The reason is that the retrigger happens at the vector domain by sending an
IPI to the actual vector on the target CPU. That works correctly exactly
once because the posted MSI interrupt chip does not issue an EOI as that's
only required for the posted MSI notification vector itself.
As a consequence the vector becomes stale in the ISR, which not only
affects this vector but also any lower priority vector in the affected
APIC because the ISR bit is not cleared.
Luigi proposed to set the vector in the remap PIR bitmap and raise the
posted MSI notification vector.
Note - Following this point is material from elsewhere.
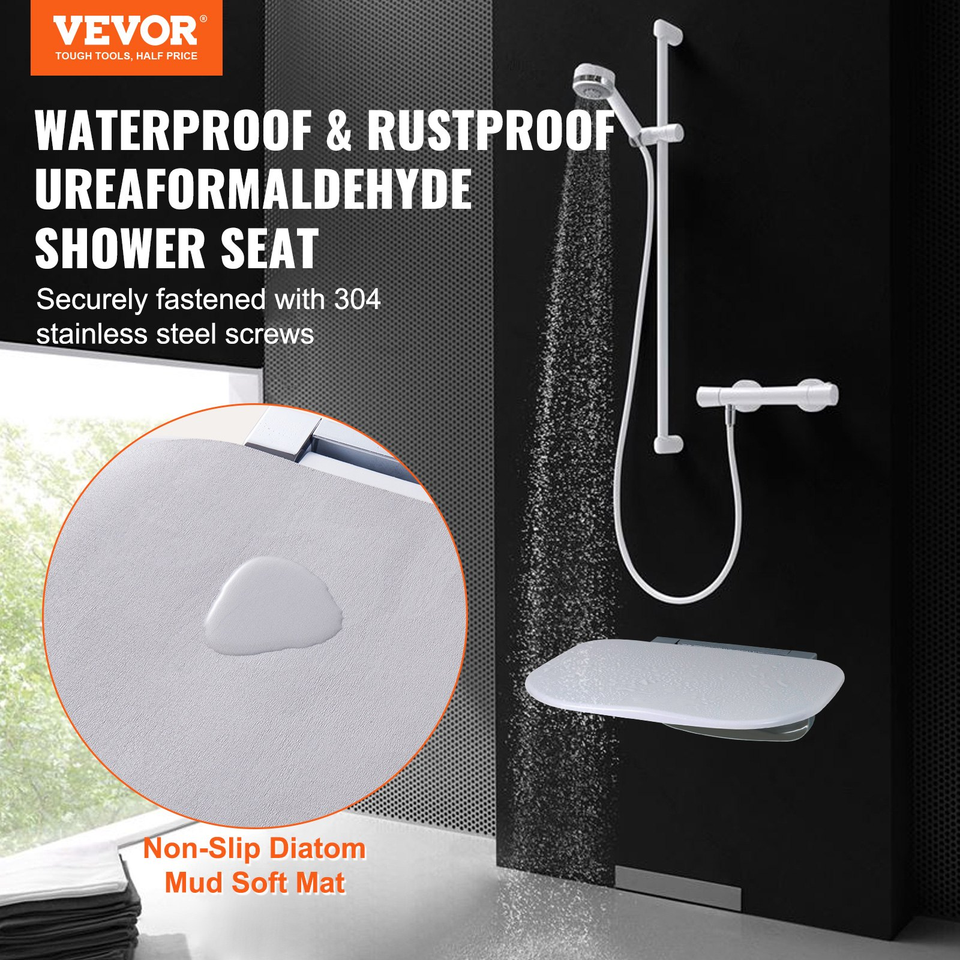 VEVOR Urea-formaldehyde Folding Shower Seat, 13.6&#39;&#39; x 12.8&#39;&#39; Unfolded, W... - £52.60 GBP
That works, but that still does not cure a
related problem:
If there is ever a stray interrupt on such a vector, then the related
APIC ISR bit becomes stale due to the lack of EOI as described above.
Unlikely to happen, but if it happens it's not debuggable at all.
So instead of playing games with the PIR, this can be actually solved
for both cases by:
1) Keeping track of the posted interrupt vector handler state
2) Implementing a posted MSI specific irq_ack() callback which checks that
state. If the posted vector handler is inactive it issues an EOI,
otherwise it delegates that to the posted handler.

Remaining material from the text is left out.